Strong Growth in Government Services & Technology Businesses: KBR's revenue momentum is underpinned by industry-leading organic growth from Government Services and Technology businesses. The company’s Government Services segment, accounting for almost 73% of the total revenues, has been performing pretty well. Presently, the company is banking on the strength of Government Services businesses to optimize its growth potential.
Organically, sales grew 12% in the third quarter, following a 11% increase in both the second and first quarter in the Government Services business. Ongoing growth in KBR’s overseas logistics and mission support programs with higher military exercise activities, increased outsourcing of sustainment activities by the military and the ramp up of the new wins led to the growth. Moreover, higher tasking for various missile defense and other military priorities in its engineering business areas, under select IDIQ contracts, also led to the upside.
Meanwhile, KBR’s Technology segment, contributing 6.3% to the total revenues, has generated 35% sales growth, on an organic basis, in the third quarter. The company continues to experience strong demand for petrochemical, refining and agricultural technologies, driven by availability of competitively priced feedstock combined with increasing global development, expanding consumer demand and increasingly stringent environmental policies.
Strong Backlog & Upbeat Views: KBR’s backlog level of $13.5 billion (as of Sep 30, 2018) highlights its underlying strength. Notably, more than 80% of KBR’s backlog represents work in the Government Services. Majority of these Government Services are long-term reimbursable service annuity-type contracts that have significantly lower risks than some of its other projects. The company believes that this will ultimately help in margin expansion and considerably de-risking the business. Despite a slow backlog in Hydrocarbons, KBR generated 1.1x book-to-bill in the third quarter, reflecting faster turnaround projects in Government Services.

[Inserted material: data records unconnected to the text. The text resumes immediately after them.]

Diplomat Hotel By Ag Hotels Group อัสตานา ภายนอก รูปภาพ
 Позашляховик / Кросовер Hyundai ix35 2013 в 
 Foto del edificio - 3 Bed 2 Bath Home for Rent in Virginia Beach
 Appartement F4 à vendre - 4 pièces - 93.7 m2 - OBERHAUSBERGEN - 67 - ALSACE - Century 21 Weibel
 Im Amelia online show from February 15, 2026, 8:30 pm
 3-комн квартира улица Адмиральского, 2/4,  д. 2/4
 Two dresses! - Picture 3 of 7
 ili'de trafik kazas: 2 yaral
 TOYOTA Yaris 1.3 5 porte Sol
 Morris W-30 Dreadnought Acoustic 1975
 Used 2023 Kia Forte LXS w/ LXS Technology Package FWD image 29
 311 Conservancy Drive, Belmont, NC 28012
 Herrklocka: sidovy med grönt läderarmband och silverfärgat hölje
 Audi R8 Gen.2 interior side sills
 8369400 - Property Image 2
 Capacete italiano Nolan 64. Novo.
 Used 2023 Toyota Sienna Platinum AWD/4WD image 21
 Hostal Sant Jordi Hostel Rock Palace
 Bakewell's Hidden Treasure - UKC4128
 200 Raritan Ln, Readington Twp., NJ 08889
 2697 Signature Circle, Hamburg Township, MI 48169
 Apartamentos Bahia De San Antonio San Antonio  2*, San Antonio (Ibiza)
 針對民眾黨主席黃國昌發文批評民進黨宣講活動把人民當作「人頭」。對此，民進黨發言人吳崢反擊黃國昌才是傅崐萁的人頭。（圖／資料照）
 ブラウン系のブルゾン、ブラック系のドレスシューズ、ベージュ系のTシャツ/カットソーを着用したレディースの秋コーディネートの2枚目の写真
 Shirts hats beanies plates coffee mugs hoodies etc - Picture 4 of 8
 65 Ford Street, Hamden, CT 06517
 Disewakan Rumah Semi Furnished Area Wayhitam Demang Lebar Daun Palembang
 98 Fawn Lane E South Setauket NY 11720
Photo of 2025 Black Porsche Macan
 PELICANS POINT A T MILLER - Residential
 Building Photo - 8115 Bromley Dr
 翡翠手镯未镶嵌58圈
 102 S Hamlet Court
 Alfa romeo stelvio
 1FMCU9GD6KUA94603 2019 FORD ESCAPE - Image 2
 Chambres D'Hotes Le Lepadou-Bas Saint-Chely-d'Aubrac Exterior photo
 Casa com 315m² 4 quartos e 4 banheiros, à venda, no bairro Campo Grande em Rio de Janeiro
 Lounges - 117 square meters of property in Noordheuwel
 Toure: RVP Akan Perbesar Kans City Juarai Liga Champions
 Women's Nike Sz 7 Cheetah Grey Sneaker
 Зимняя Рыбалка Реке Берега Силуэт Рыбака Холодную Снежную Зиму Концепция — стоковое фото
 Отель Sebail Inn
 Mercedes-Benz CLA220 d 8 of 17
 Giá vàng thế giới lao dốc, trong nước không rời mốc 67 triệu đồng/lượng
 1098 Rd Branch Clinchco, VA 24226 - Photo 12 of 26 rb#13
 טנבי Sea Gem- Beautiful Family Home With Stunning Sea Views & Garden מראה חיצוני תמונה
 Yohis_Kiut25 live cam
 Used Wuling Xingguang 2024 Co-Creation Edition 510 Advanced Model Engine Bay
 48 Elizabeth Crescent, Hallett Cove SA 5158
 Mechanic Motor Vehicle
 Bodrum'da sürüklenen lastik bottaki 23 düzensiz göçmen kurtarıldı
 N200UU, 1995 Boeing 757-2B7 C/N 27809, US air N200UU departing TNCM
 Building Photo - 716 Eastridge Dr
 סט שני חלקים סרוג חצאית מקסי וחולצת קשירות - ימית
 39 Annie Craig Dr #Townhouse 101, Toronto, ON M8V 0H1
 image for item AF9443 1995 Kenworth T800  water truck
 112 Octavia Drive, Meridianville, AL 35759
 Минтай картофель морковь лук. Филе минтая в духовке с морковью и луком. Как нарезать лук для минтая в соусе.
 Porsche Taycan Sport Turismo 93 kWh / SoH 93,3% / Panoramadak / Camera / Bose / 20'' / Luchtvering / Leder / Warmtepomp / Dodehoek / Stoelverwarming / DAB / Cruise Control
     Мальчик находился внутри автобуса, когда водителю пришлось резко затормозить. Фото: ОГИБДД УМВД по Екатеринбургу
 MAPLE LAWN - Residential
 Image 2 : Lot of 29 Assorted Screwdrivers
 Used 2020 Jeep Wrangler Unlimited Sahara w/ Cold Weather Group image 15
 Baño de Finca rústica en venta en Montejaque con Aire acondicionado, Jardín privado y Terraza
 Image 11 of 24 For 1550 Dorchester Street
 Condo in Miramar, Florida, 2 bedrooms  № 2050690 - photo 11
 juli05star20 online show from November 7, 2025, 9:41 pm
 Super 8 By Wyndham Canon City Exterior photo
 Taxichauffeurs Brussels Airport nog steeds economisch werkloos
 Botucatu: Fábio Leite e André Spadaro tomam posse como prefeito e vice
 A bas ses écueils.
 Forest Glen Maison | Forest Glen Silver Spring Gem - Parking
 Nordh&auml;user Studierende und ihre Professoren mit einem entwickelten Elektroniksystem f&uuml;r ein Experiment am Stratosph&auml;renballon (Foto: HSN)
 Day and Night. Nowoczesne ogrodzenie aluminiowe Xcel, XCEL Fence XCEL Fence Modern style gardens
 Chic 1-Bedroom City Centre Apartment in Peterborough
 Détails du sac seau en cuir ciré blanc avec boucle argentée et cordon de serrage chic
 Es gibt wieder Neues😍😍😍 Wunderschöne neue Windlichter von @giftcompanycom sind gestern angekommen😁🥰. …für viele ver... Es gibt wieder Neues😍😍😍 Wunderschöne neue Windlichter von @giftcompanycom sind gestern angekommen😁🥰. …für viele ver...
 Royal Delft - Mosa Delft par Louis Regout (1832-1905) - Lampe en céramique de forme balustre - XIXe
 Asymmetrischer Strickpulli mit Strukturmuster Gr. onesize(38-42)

Meanwhile, buoyed by strong year-to-date performance, KBR raised its full-year 2018 guidance. The company, which shares space with Fluor Corporation (FLR - Free Report) , Jacobs Engineering Group Inc. (JEC - Free Report) and Quanta Services, Inc. (PWR - Free Report) in the Zacks Engineering - R and D Services industry, currently expects adjusted earnings per share in the band of $1.45-$1.55 from $1.45-$1.50 expected earlier.
Strategic Acquisitions: KBR has a penchant for acquisitions and strategic alliances, in order to bolster inorganic growth and expand market share. In April 2018, it completed SGT and Aspire acquisitions. The company recorded double-digit organic growth and higher margins in each of the second as well as the third quarter of 2018, supported by these two acquisitions. It remains optimistic about the prospects of both the buyouts, mainly on account of increased government spending across space and defense. Last year, the company completed several strategic acquisitions, including two established and highly technical government services companies. It also acquired a specialty welding and turnarounds company through Brown & Root joint venture.
Superior ROE: KBR’s return on equity (“ROE”) supports its growth potential. The company’s ROE of 13.4% compares favorably with the industry’s average of 11.2%, implying that it is efficient in using its shareholders’ funds.
Solid VGM Score: KBR has a VGM Score of A. Our VGM Score identifies stocks that have the most attractive value, growth and momentum characteristics. In fact, our research shows that stocks with a VGM Score of A or B, when combined with a Zacks Rank #1 or 2, make solid investment choices.